EXERCISE MATERIALS:
══════════
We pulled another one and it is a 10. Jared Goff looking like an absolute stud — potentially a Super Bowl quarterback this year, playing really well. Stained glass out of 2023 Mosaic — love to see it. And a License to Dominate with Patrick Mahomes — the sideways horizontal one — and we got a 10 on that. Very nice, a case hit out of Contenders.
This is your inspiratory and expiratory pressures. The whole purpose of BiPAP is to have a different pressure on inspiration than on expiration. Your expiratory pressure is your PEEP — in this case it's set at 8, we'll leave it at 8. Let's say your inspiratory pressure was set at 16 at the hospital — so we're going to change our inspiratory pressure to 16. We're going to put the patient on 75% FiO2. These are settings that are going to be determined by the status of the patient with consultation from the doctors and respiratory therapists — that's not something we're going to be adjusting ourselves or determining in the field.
══════════
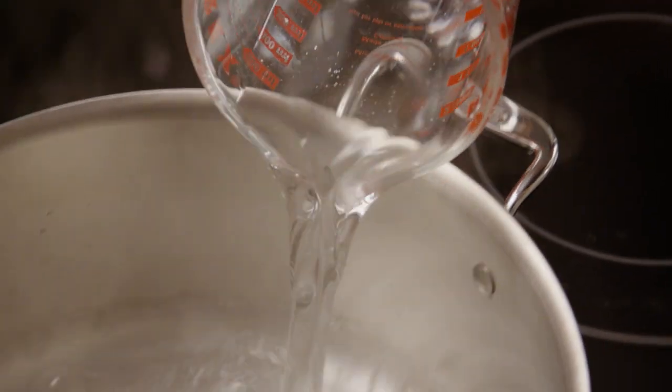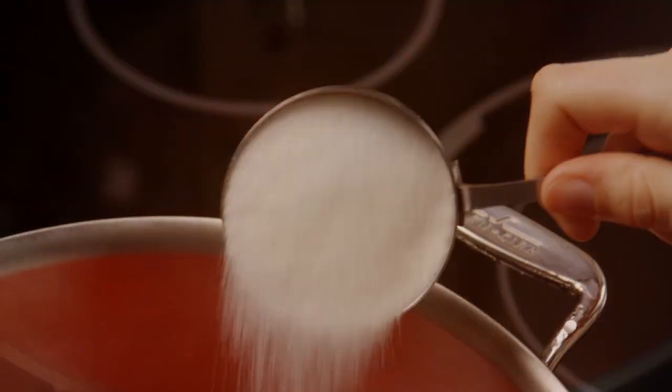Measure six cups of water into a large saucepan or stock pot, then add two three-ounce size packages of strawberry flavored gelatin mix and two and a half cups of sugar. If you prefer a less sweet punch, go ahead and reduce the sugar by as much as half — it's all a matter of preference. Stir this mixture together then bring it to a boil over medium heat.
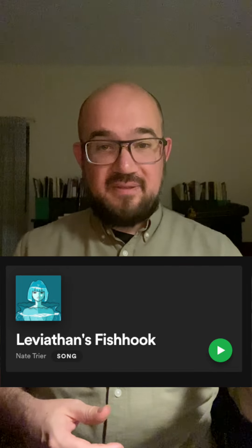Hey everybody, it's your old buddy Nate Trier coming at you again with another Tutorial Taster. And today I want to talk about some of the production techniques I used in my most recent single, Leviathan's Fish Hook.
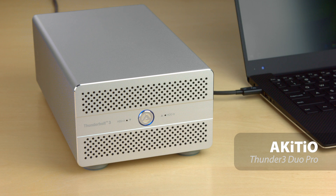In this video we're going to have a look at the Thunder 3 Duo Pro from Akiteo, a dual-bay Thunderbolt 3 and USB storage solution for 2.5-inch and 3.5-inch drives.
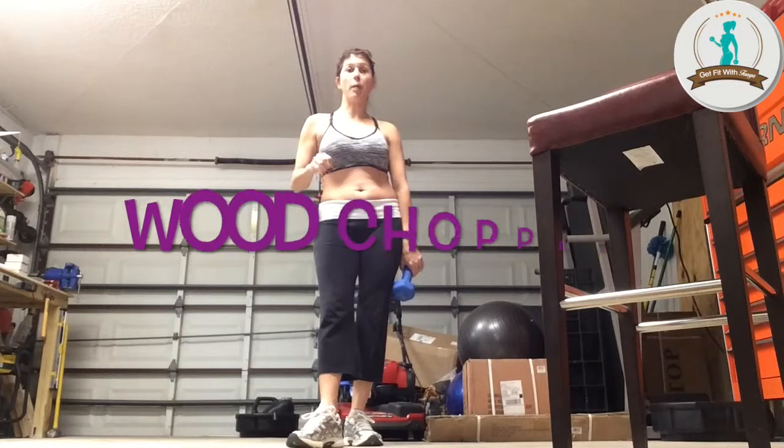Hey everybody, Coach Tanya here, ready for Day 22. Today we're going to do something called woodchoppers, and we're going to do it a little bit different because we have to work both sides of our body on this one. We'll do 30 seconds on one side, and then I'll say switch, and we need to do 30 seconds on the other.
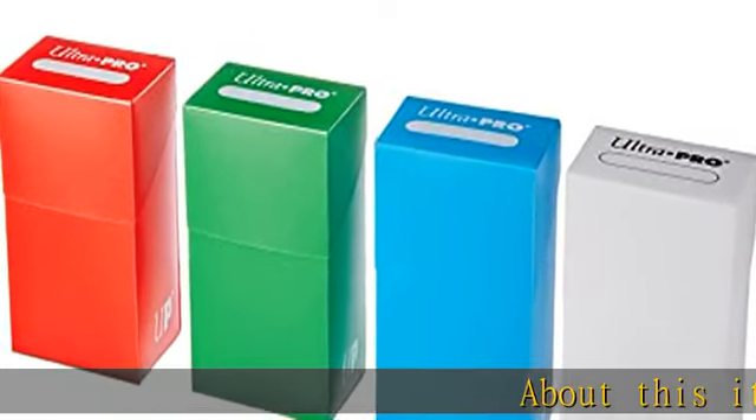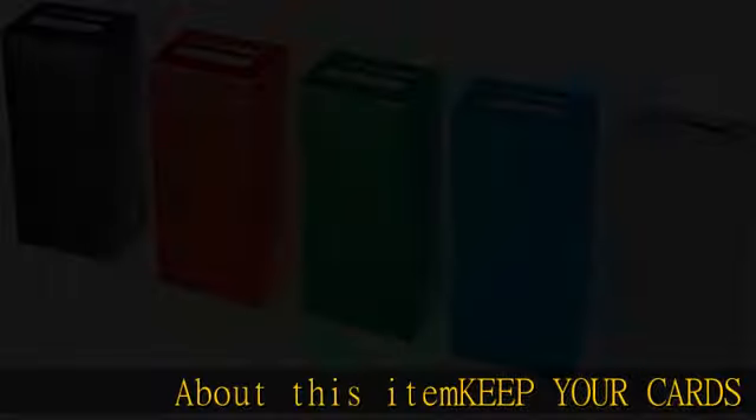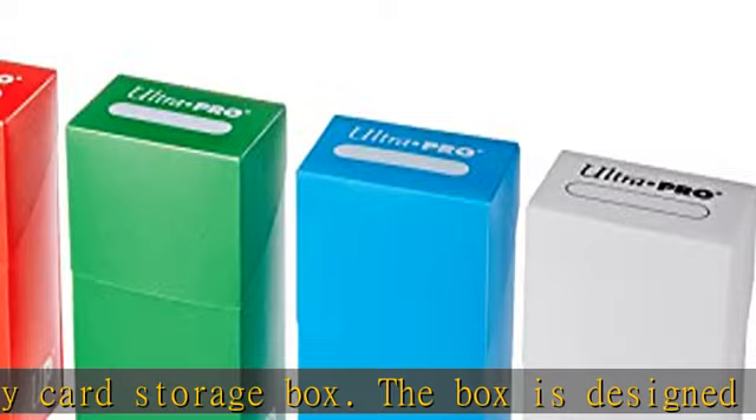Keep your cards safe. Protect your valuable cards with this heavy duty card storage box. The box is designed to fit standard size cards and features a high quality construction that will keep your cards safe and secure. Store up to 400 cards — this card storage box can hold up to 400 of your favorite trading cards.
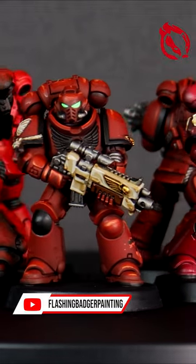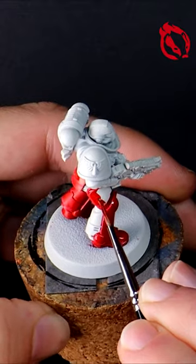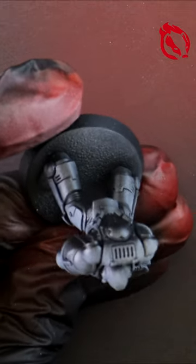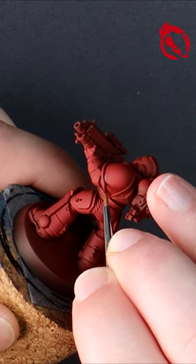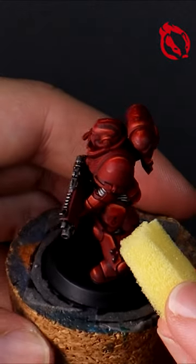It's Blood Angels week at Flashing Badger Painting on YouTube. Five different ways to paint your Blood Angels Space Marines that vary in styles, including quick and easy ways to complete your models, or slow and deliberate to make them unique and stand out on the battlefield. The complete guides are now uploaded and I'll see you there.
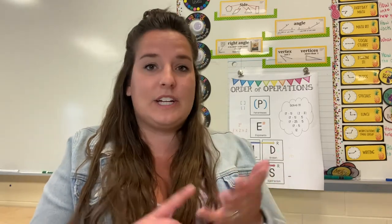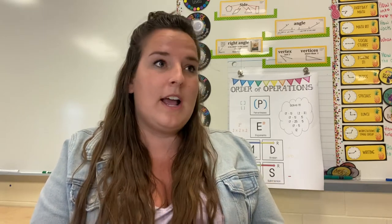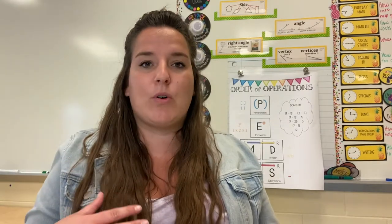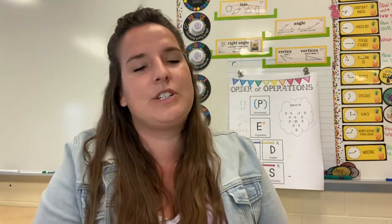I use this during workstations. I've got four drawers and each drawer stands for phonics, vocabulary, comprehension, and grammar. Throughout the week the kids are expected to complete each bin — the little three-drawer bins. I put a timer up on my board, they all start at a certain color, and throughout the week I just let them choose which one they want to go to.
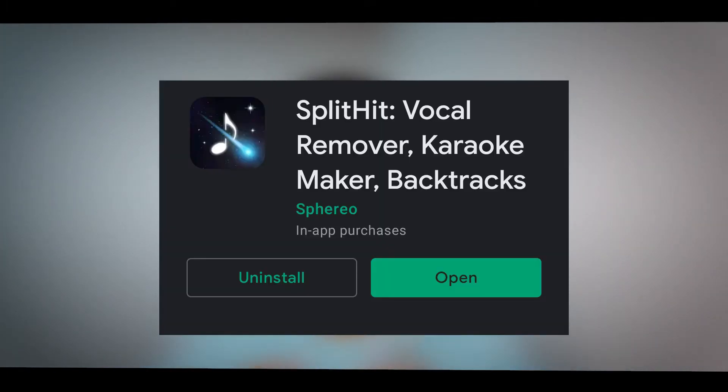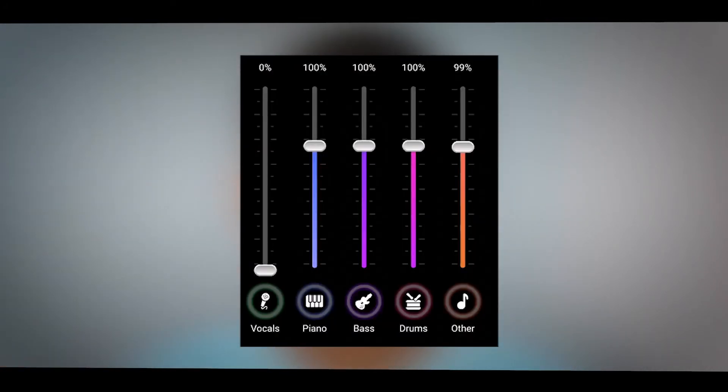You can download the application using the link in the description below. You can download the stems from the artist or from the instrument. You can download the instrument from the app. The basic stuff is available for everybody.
══════════
EXERCISE PROMPT: With the pictures omitted, copy exactly the lines of the listing above starting at the line containing "In this video" and ending at the line containing "I use this during", both included.

RESPONSE:
In this video we're going to have a look at the Thunder 3 Duo Pro from Akiteo, a dual-bay Thunderbolt 3 and USB storage solution for 2.5-inch and 3.5-inch drives.
Hey everybody, Coach Tanya here, ready for Day 22. Today we're going to do something called woodchoppers, and we're going to do it a little bit different because we have to work both sides of our body on this one. We'll do 30 seconds on one side, and then I'll say switch, and we need to do 30 seconds on the other.
Keep your cards safe. Protect your valuable cards with this heavy duty card storage box. The box is designed to fit standard size cards and features a high quality construction that will keep your cards safe and secure. Store up to 400 cards — this card storage box can hold up to 400 of your favorite trading cards.
It's Blood Angels week at Flashing Badger Painting on YouTube. Five different ways to paint your Blood Angels Space Marines that vary in styles, including quick and easy ways to complete your models, or slow and deliberate to make them unique and stand out on the battlefield. The complete guides are now uploaded and I'll see you there.
I use this during workstations. I've got four drawers and each drawer stands for phonics, vocabulary, comprehension, and grammar. Throughout the week the kids are expected to complete each bin — the little three-drawer bins. I put a timer up on my board, they all start at a certain color, and throughout the week I just let them choose which one they want to go to.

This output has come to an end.